__Dataset records__:
::::::

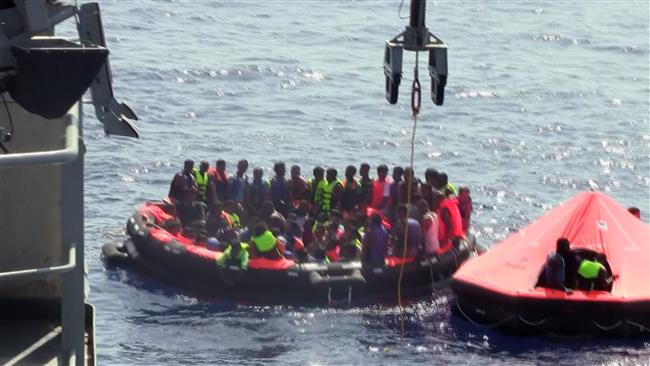 People in life rafts are seen during a rescue operation after their overcrowded fishing vessel capsized in the Mediterranean Sea off the coast of Libya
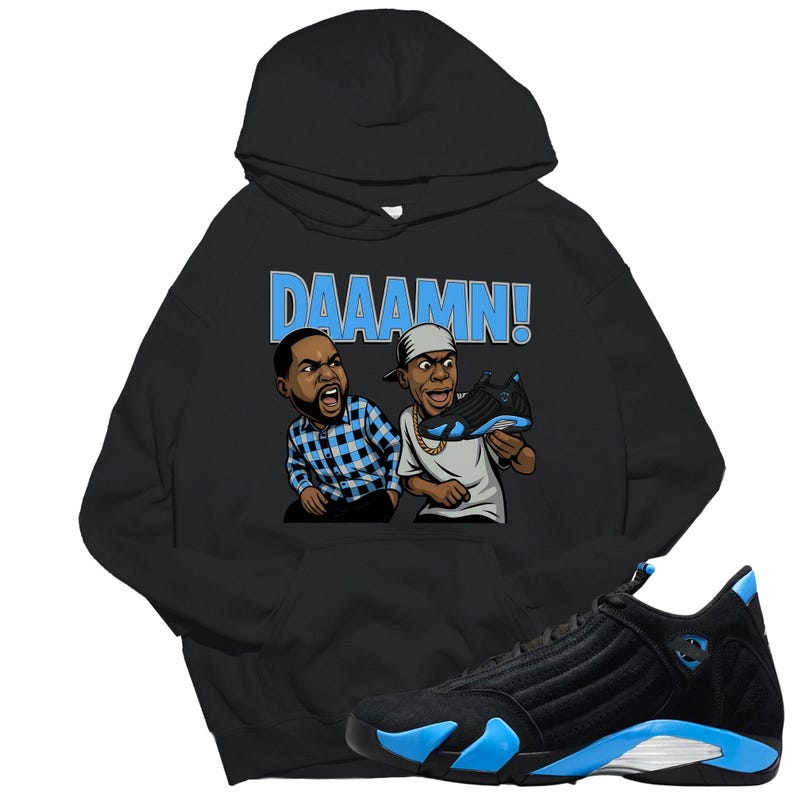 May include: Black hoodie with a graphic of two cartoon figures and the word "DAAAMN!" in light blue. The hoodie is paired with a black and blue sneaker.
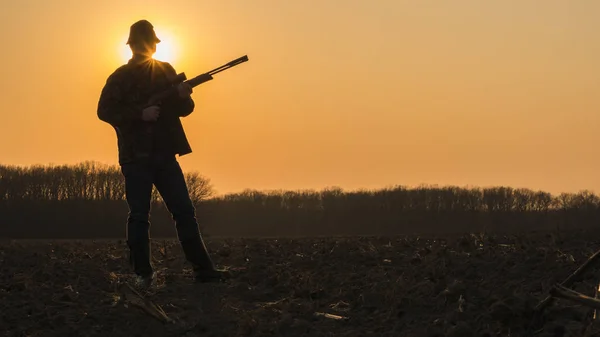 Un hombre con un arma en un campo al atardecer. Apertura de la temporada de caza — Foto de Stock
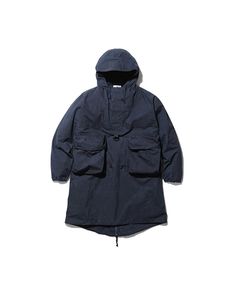 The Indigo C/N Anorak is a lightweight overcoat. The fabric is a cotton and nylon blend. The Indigo C/N Anorak features a hood with a drawcord, half-zip closure, a D ring, two bust pockets, and a fishtail hem. The Indigo C/N Anorak is designed with a looser fit, with the hem hitting just above the knee. We recommend taking your normal size for an oversized fit. The model stands 6' and wears size M. Long Parka, Snow Peak, Customer Stories, Anorak Jacket, The C, History Design, D Ring, Above The Knee, Half Zip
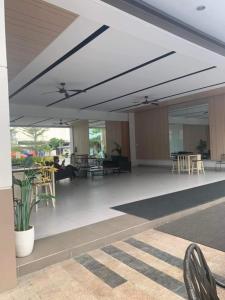 a lobby with tables and chairs in a building at Cheers SMDC Condominium in Marilao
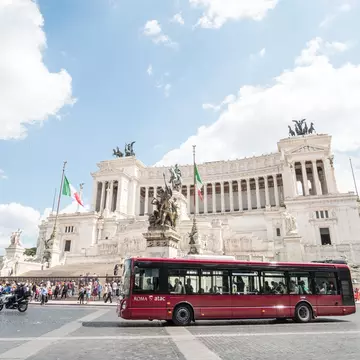 A bus passes Rome's Vittoriano. moomusician/Getty Images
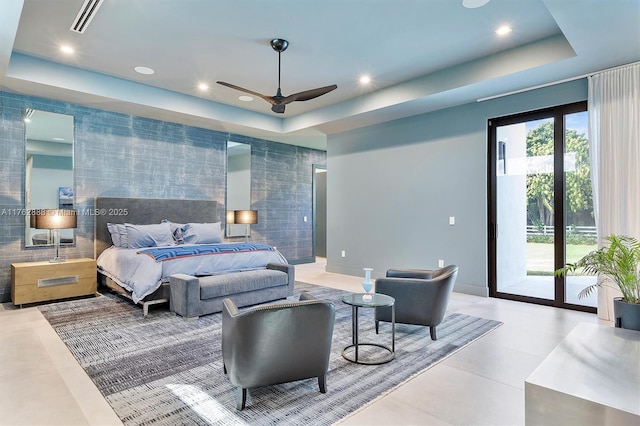 tiled bedroom featuring visible vents, a tray ceiling, recessed lighting, access to exterior, and an accent wall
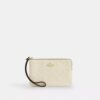 Pochette dragonne à fermeture éclair d'angle en cuir emblématique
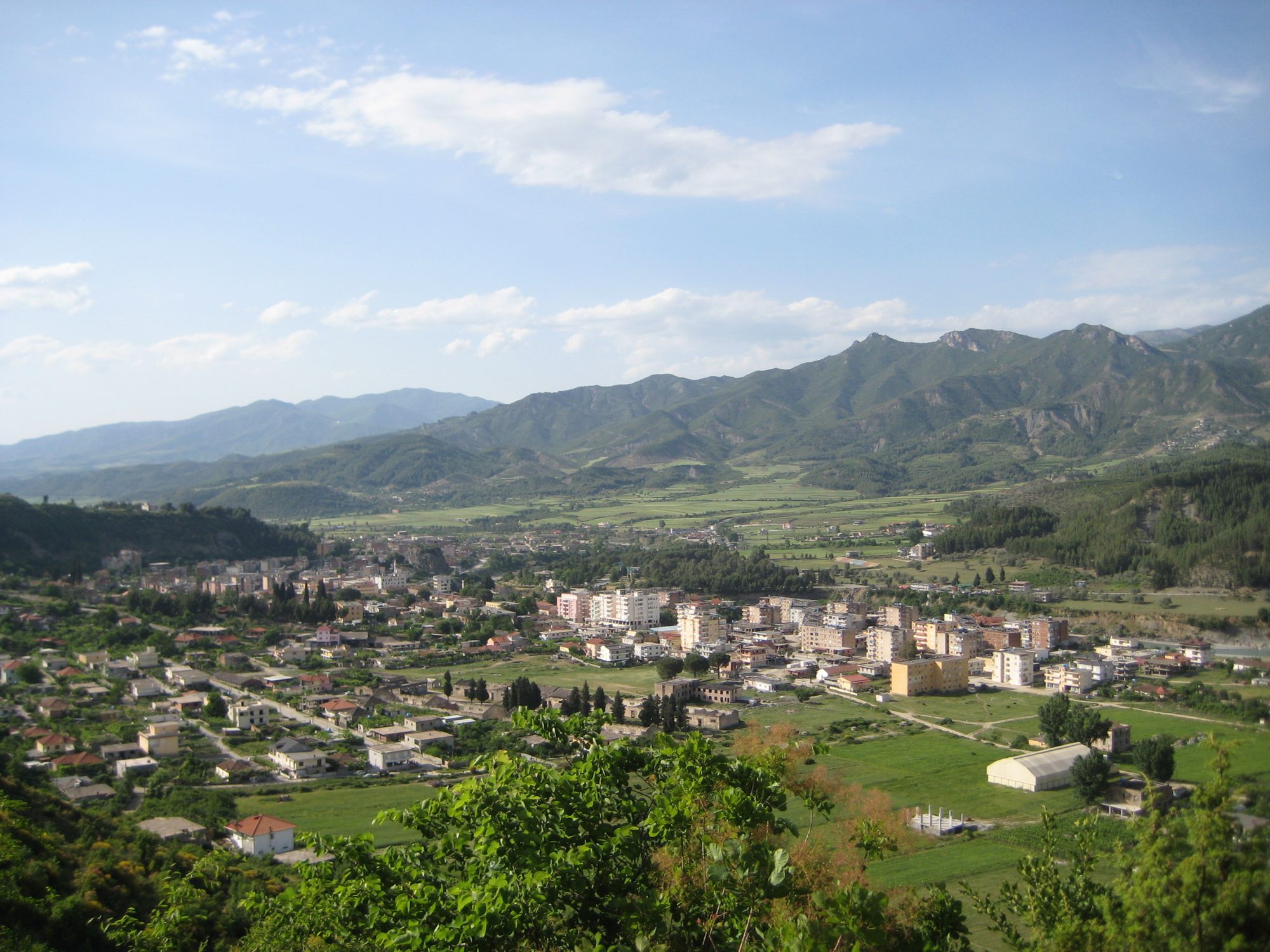 Përmet town in a green river valley with apartment buildings and houses, high mountains rising behind under a blue sky.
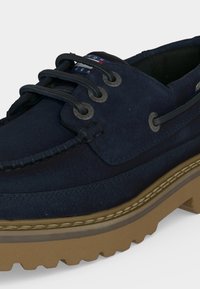 Σκούρο μπλε δερμάτινο παπούτσι τύπου boat shoe με παχιά ταμπά λαστιχένια σόλα, μαύρα κορδόνια διά μέσου μεταλλικών οπών και ορατή ετικέτα με το λογότυπο στη γλώσσα.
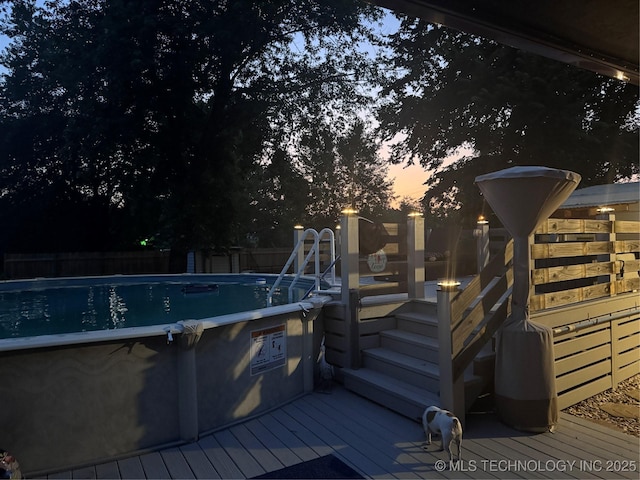 2961 N 24th St W, Muskogee, OK 74401 - pool at dusk with a deck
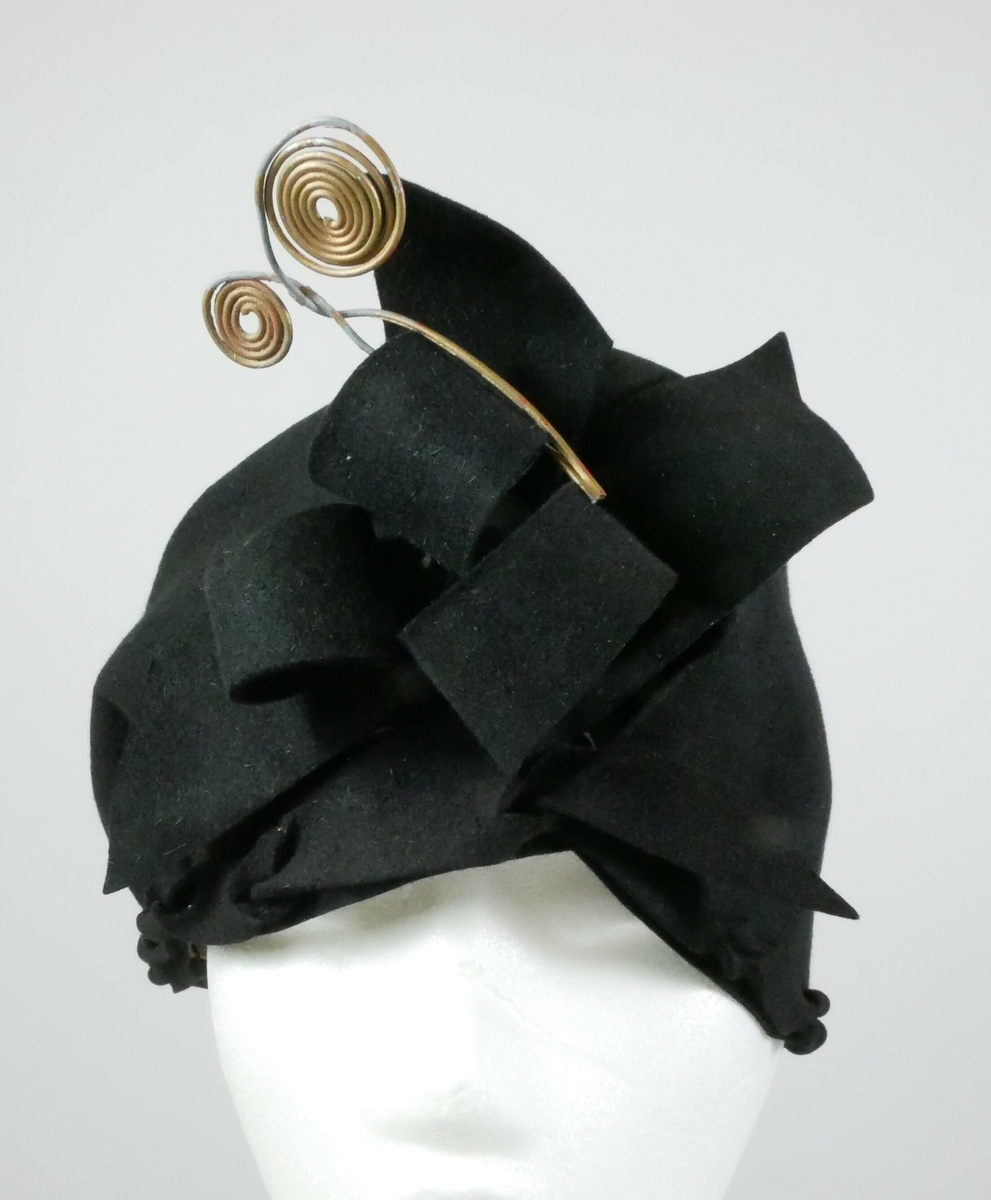 Svart hatt med dekorelementer foran i svart tekstil og metall.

::::::

In your copy of the listing, please omit the pictures and keep every word exact.

 People in life rafts are seen during a rescue operation after their overcrowded fishing vessel capsized in the Mediterranean Sea off the coast of Libya
 May include: Black hoodie with a graphic of two cartoon figures and the word "DAAAMN!" in light blue. The hoodie is paired with a black and blue sneaker.
 Un hombre con un arma en un campo al atardecer. Apertura de la temporada de caza — Foto de Stock
 The Indigo C/N Anorak is a lightweight overcoat. The fabric is a cotton and nylon blend. The Indigo C/N Anorak features a hood with a drawcord, half-zip closure, a D ring, two bust pockets, and a fishtail hem. The Indigo C/N Anorak is designed with a looser fit, with the hem hitting just above the knee. We recommend taking your normal size for an oversized fit. The model stands 6' and wears size M. Long Parka, Snow Peak, Customer Stories, Anorak Jacket, The C, History Design, D Ring, Above The Knee, Half Zip
 a lobby with tables and chairs in a building at Cheers SMDC Condominium in Marilao
 A bus passes Rome's Vittoriano. moomusician/Getty Images
 tiled bedroom featuring visible vents, a tray ceiling, recessed lighting, access to exterior, and an accent wall
 Pochette dragonne à fermeture éclair d'angle en cuir emblématique
 Përmet town in a green river valley with apartment buildings and houses, high mountains rising behind under a blue sky.
 Σκούρο μπλε δερμάτινο παπούτσι τύπου boat shoe με παχιά ταμπά λαστιχένια σόλα, μαύρα κορδόνια διά μέσου μεταλλικών οπών και ορατή ετικέτα με το λογότυπο στη γλώσσα.
 2961 N 24th St W, Muskogee, OK 74401 - pool at dusk with a deck
 Svart hatt med dekorelementer foran i svart tekstil og metall.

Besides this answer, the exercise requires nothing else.